# Burstner Chrome Wheel Deterioration



## homerlindsay (Dec 21, 2010)

Has anyone experienced problems with Burstner Chrome Wheels? The full story can be read at ==> 
http://www.thelindsays.info/motorho...and-proble/burstner-wheels--chrome/index.html


----------



## makems (Jul 26, 2010)

Do you mean alloy wheels? 
If so, then yes, my alloys are showing some corrosion and the van is less,than a year old.


----------



## homerlindsay (Dec 21, 2010)

These are actually chrome wheels, but sounds like alloys are having a similar problem. I tried to upload a photo but this failed to work on this site.


----------



## peribro (Sep 6, 2009)

All 6 of mine were replaced by Burstner under warranty.
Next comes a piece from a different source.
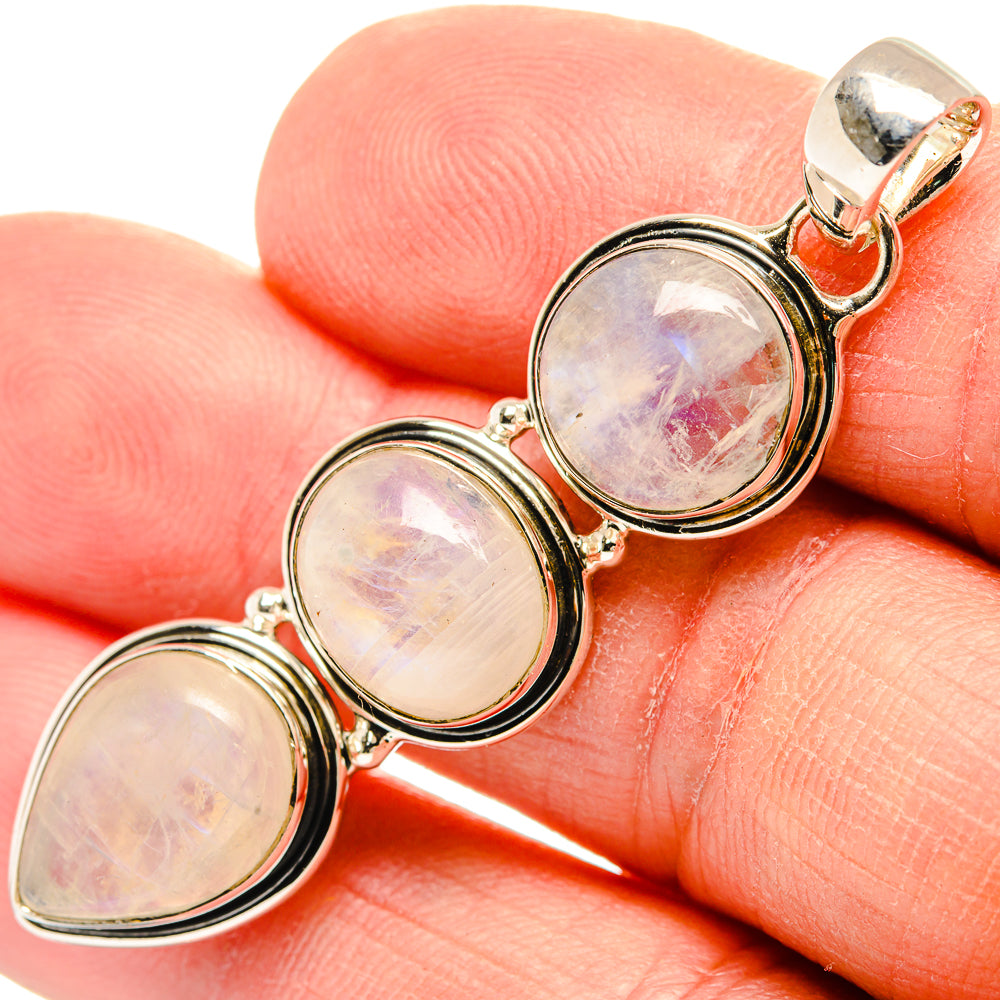 Rainbow Moonstone Pendants handcrafted by Ana Silver Co - PD31349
A couple of the replacements are showing signs of deterioration but nothing like as bad as before.


----------



## cabby (May 14, 2005)

send them back under warranty.

cabby


----------



## Dill (Jun 3, 2010)

Hi Had mine refurbished last year at a cost of £350 for all six. This van of ours has already had six new ones when it was 12 month old. Not to mention the paint bubbling. It seems the older it gets the worse it gets. Wouldn't buy another.

Dill


----------



## homerlindsay (Dec 21, 2010)

*Thanks!*

Thanks to everyone who has responded so far.


----------



## Jezport (Jun 19, 2008)

The alloy and black Burstner wheels are similar to some we had on a Suzuki Grand Vitara. The front face is lacquered over the alloy and it seems that this type of wheel is unlikely to keep its finish as the water gets under the coating and eats in. Chrysler and Cadillac have also had similar wheels that were constantly being exchanged under warranty. Suzuki changed ours and they knew it was an issue so replaced them for different wheels.


----------